(Stored data entries)
::::::
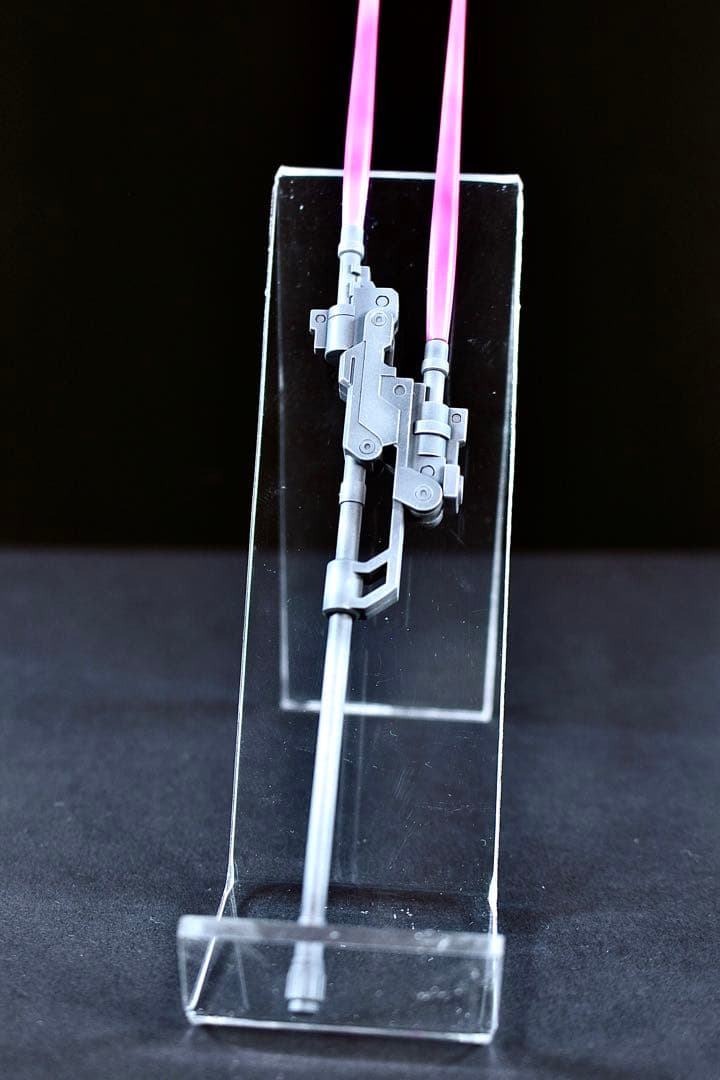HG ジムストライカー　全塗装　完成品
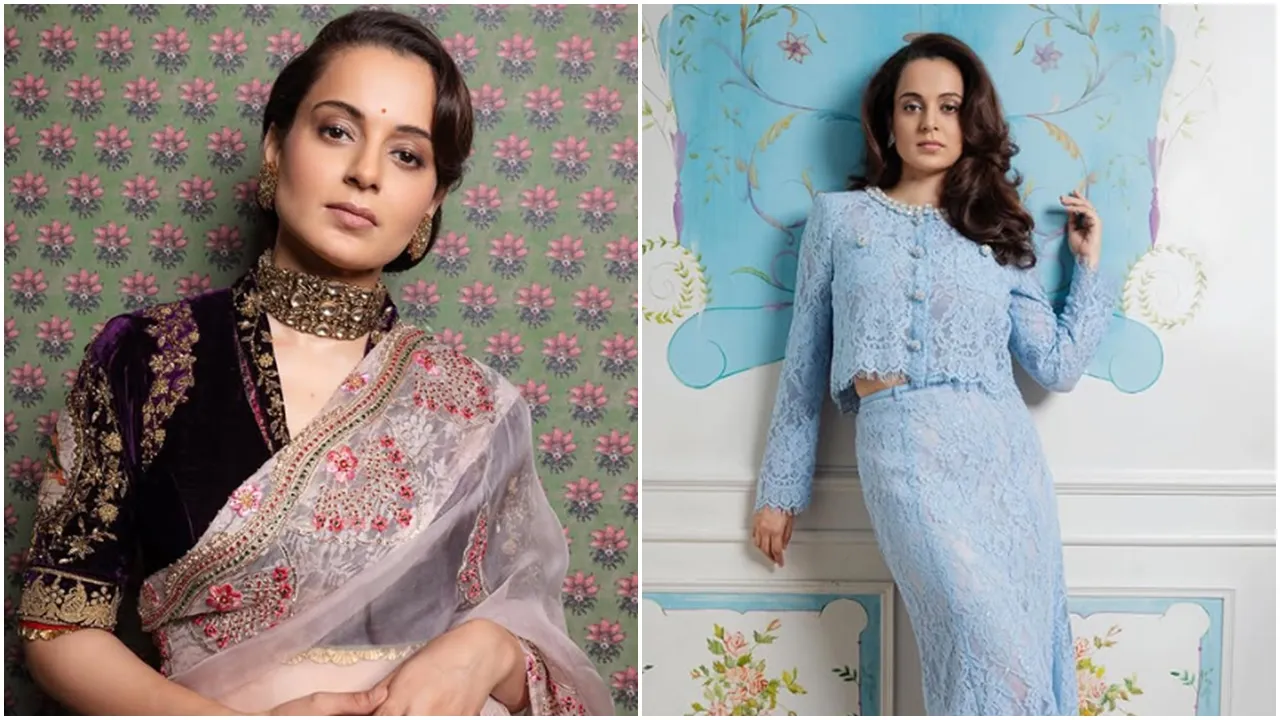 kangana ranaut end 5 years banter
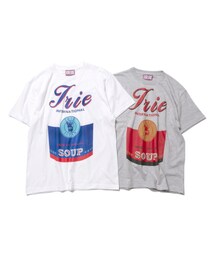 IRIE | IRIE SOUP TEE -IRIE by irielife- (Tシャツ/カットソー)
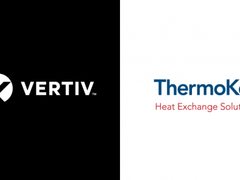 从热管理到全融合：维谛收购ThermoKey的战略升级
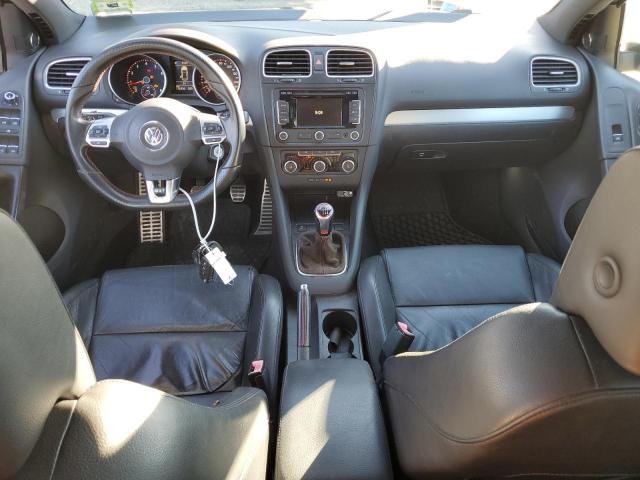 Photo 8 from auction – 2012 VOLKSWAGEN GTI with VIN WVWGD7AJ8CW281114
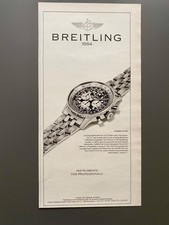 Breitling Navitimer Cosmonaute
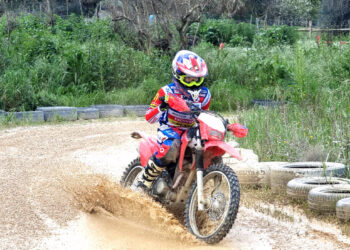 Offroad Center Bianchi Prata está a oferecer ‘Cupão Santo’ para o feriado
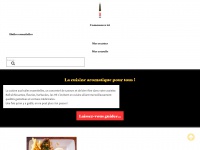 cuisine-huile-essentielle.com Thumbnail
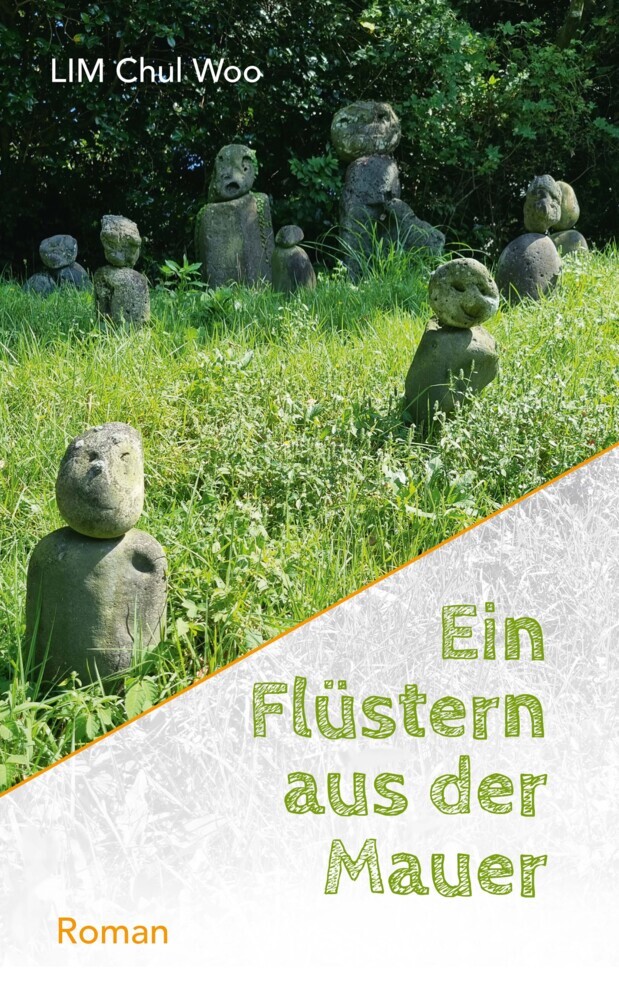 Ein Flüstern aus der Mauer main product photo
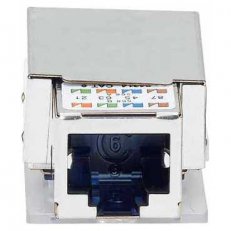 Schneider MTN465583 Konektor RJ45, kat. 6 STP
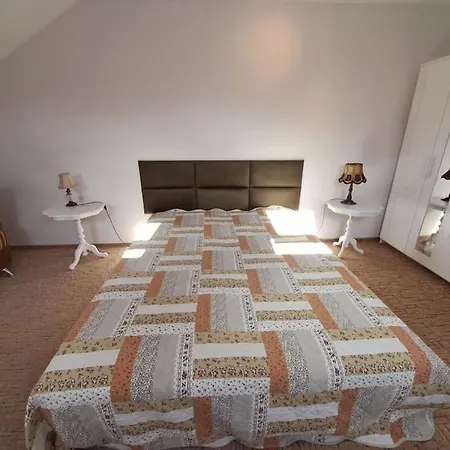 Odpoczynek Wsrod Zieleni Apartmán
::::::
» Work instructions: The answer should hold every entry exactly as given and no pictures at all.

» Task response:
HG ジムストライカー　全塗装　完成品
 kangana ranaut end 5 years banter
 IRIE | IRIE SOUP TEE -IRIE by irielife- (Tシャツ/カットソー)
 从热管理到全融合：维谛收购ThermoKey的战略升级
 Photo 8 from auction – 2012 VOLKSWAGEN GTI with VIN WVWGD7AJ8CW281114
 Breitling Navitimer Cosmonaute
 Offroad Center Bianchi Prata está a oferecer ‘Cupão Santo’ para o feriado
 cuisine-huile-essentielle.com Thumbnail
 Ein Flüstern aus der Mauer main product photo
 Schneider MTN465583 Konektor RJ45, kat. 6 STP
 Odpoczynek Wsrod Zieleni Apartmán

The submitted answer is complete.